Major 20th Century Writers

May 14th , 2015

Love of Monsters

Humbert Humbert (our main first man of power and also the narrator in the book) arrived at his final destination. It is a history lesson in self-absorption of a man who revels in strategy, though as time continues, his tactical attempts to move forward result in poor knee jerk reactions. Humbert Humbert spirals out of control, eventually losing his Lolita and according to the book, ending up in prison.

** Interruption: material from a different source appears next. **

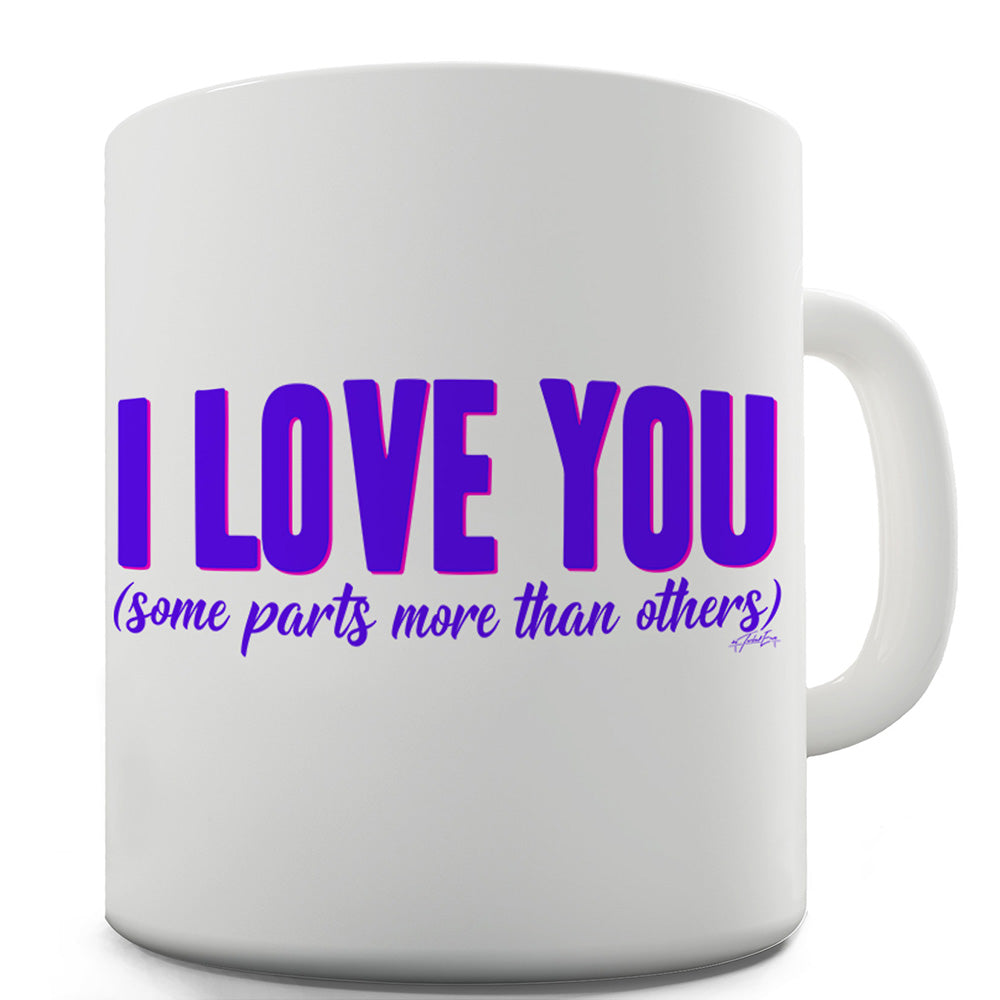 Love Some Parts More Than Others Ceramic Novelty Mug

Lolita begins with a very unusual structure. It begins with our narrator at the end of our story setting the stage for the story by delving into the beginning of the story. It begins with Humbert talking about his childhood as justification for his misdeeds. It begins with Humbert defining his character and a framework for the story, yet it is a narrative that lives outside the standard dialogue, outside of the entire narrative framework, the audience is introduced to a crime. Not the explanation of the crime. Not the justification of the crime. Not the activity of the crime. The narrator is speaking to a jury and in speaking to the jury, he tells his tale of the precursor to Lolita, admitting that that there "may have been no Lolita at all had he not loved, one summer, a certain girl-child." The precursor tryst becomes the foundation for Humbert's obsession, his first sexual experience with his childhood sweetheart, Annabelle Leigh. Her premature death and his unconsummated love for her are implied to have caused his adult obsession with prepubescent girls. This moment in time defines whom Humbert Humbert becomes later in life, still bound by his obsession with Annabelle in her child state, the basis of his pathological adult mindset. His love of Annabelle defined the epitome of perfection in a lover and continued throughout his life. He never changed. His portrait of a lover remained exactly the same as he continued to age as if his emotions of love and lust were frozen in time.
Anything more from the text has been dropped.